What I learned at that con, which again, I have talked about before, was that most authors have day jobs and write as a hobby. Even people with fans couldn’t survive on book sales alone. 

My eyes really opened with that. 

That, and the fact that anyone can be a gatekeeper, you just need to find a gate to keep. 

This isn’t to say I deserved to be published because no one DESERVES it but you find that it’s as much about fitting a niche as it is about writing a compelling piece. There’s a lot of stuff out in the world that’s of varying skill and talent but it fits a niche and that’s what matters. 

I have been publishing through Amazon’s print-on-demand service for fourteen years now and while it’s not perfect, it’s worked well for me. The thing is though, like every other service, I am at its mercy. If a day comes when Amazon decides that they no longer want to be in that business then I suddenly lose my publisher.

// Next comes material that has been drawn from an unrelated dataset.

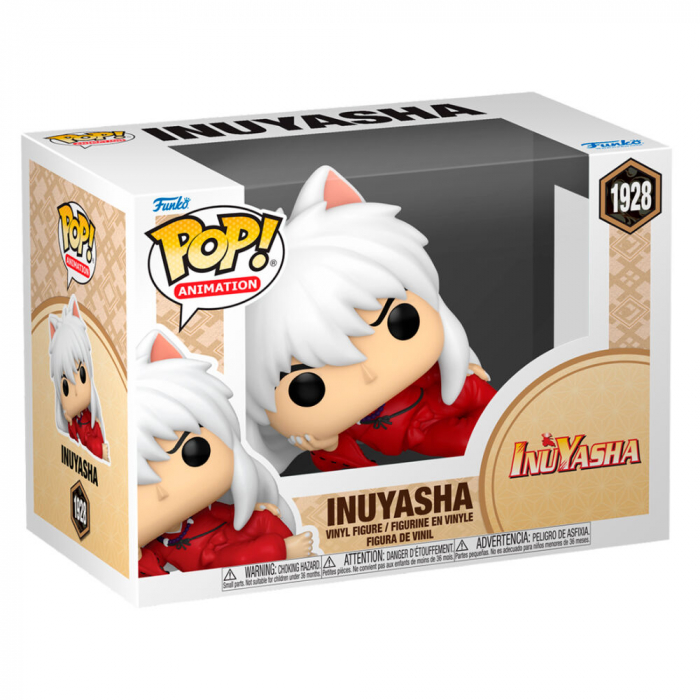 Funko POP Inuyasha - Inuyasha [2]
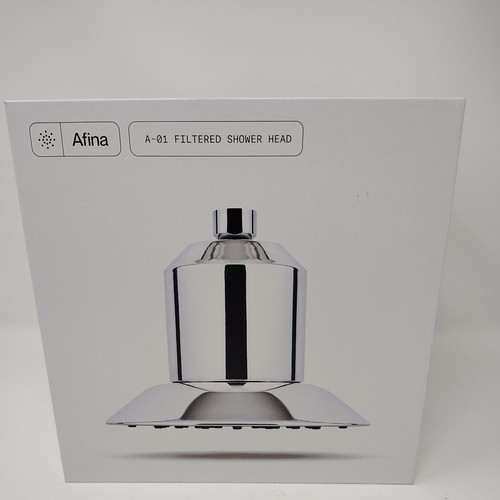 Afina filtered shower - afina,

A lot has changed since the years when I was looking for a publisher but the gates are still in place and I have yet to find a door open to me. 

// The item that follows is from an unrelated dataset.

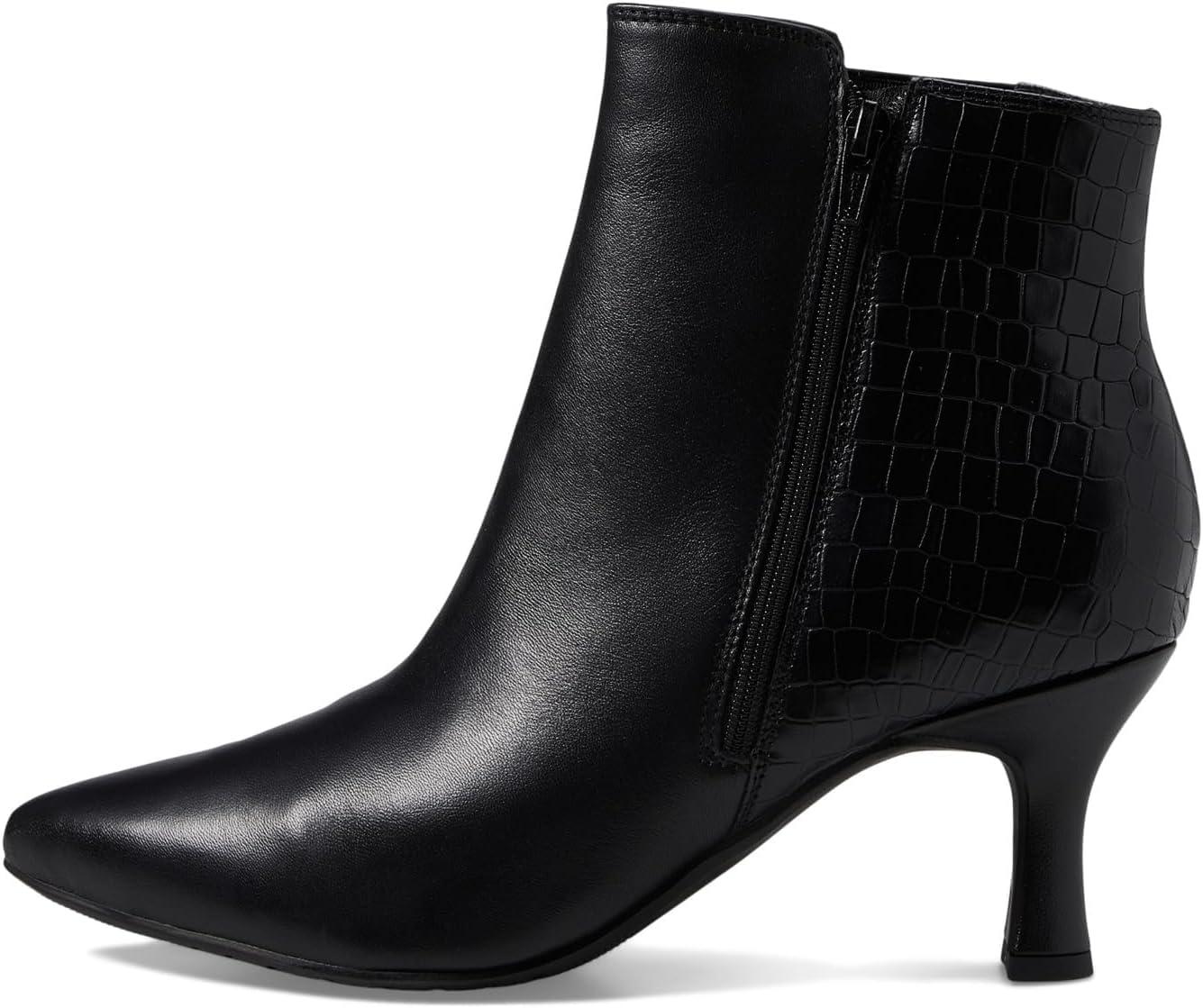 imageClarks womens Kataleyna GlowBlack Leather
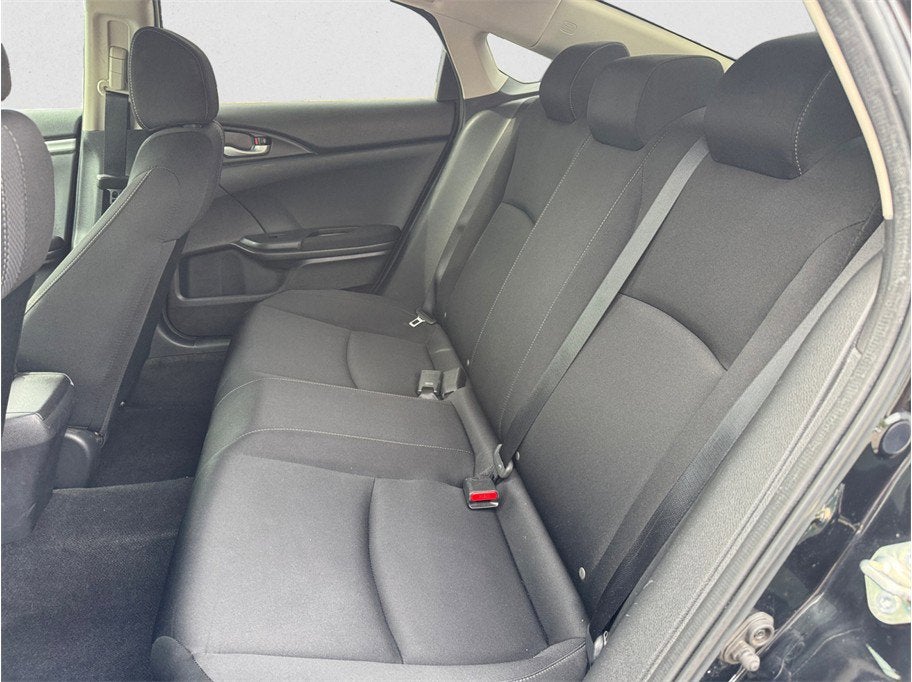 2020 Honda Civic Sedan LX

Maybe that’s due to my skill as a writer, or my poor query skills, or I just don’t fit a niche. 

I dunno. 

It’s scary though as corporate interests shift and companies devour one another, thus taking away options for consumers and creators. There’s a point where the corporations will start deciding what is seen and what isn’t.
They will become the gatekeepers to art. 

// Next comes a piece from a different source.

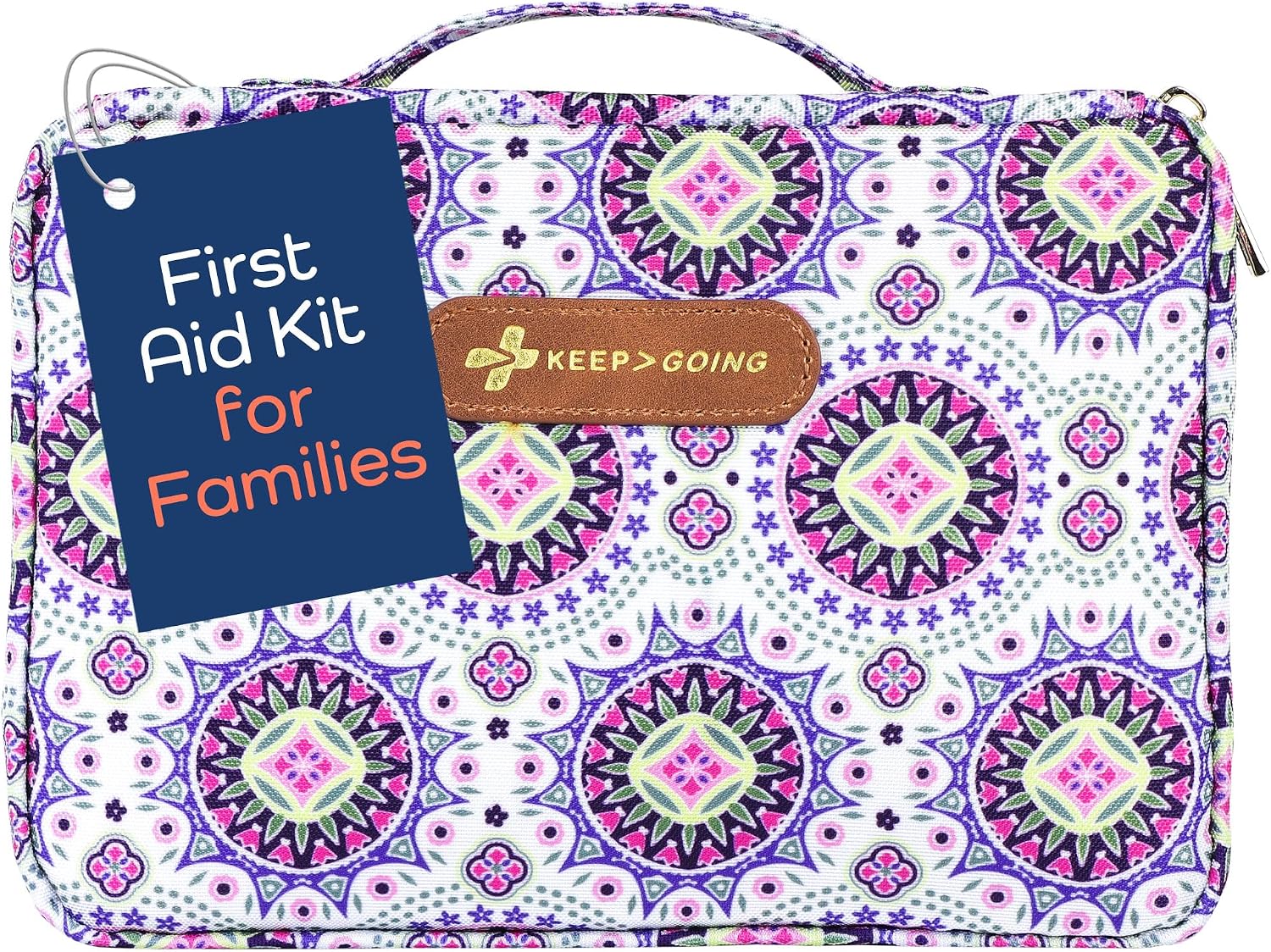 KEEP>GOING 270 Pc. (Boho)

As we move into a future where physical media is no longer prioritized it opens a door as it closes another. Sure, you could still get your work out to the world digitally if you can find a marketplace for it and a means for people to read it, but it also means that books will slowly become fewer and fewer. Books are a tangible thing, a physical thing, a tactile thing that elicits memories that digital files do not. We are beings of sense and our senses connect us to things, and those connections come via memories either new or old. 

Will we ever connect to a digital file, a digital mix-tape like we do a cassette or CD mix?

Will we cherish an e-book as much as we do that first paperback book we ever read?

It’s sad that we are so excited to do less to get more, even if it means that our options are decided for us and whittled down to a handful of companies that, when they fail, everything they devoured fails as well. 

And all of it will disappear. 

I’d say there have to be better ways, better ways to do this, and there may be, but unless it makes the creator more money than the methods employed now, why bother? Why does Amazon, Lulu, or any other POD bookseller care if there’s a better way when they just want to make it easy enough for anyone to put work out they can take a percentage of? And the publishing world is no better as publishing houses got too big and shuttered or sold themselves to competitors and we’re inundated with whatever fad is current. Murder books? Horror books? Mysteries? 

Whatever it is, they’ll have it. 

There’s not as much interest in the next big thing, or in finding something different.

It doesn’t pay to do that. 

You see that even with the streamers. 

So what will it be?

A subscription service to e-books?

Moving books into podcasts and not just books on audio?

How many of us will be lost in the next seismic shift?

The authors good, bad, and just OK. 

We have seen how movies and music are moving towards streaming only and in that we lose something. We lose ownership and we lose the artifacts that create the memories. The things deeper than the art itself and far more personal. 


We are being told what we want doesn’t matter. 

What we feel doesn’t matter. 

And we’re being told what will be preserved for the future. 

And as always, it’s all about money. 

It’s a weird, scary time to love art, to love books, to love music, and to love movies. It’s a hard time to love physical media and what it stands for beyond what it is. 

I don’t know what will come next but I hope by that time, by the time the curtain comes down, I will have put out enough books that I’ll be ready to say – that’s enough – and mean it.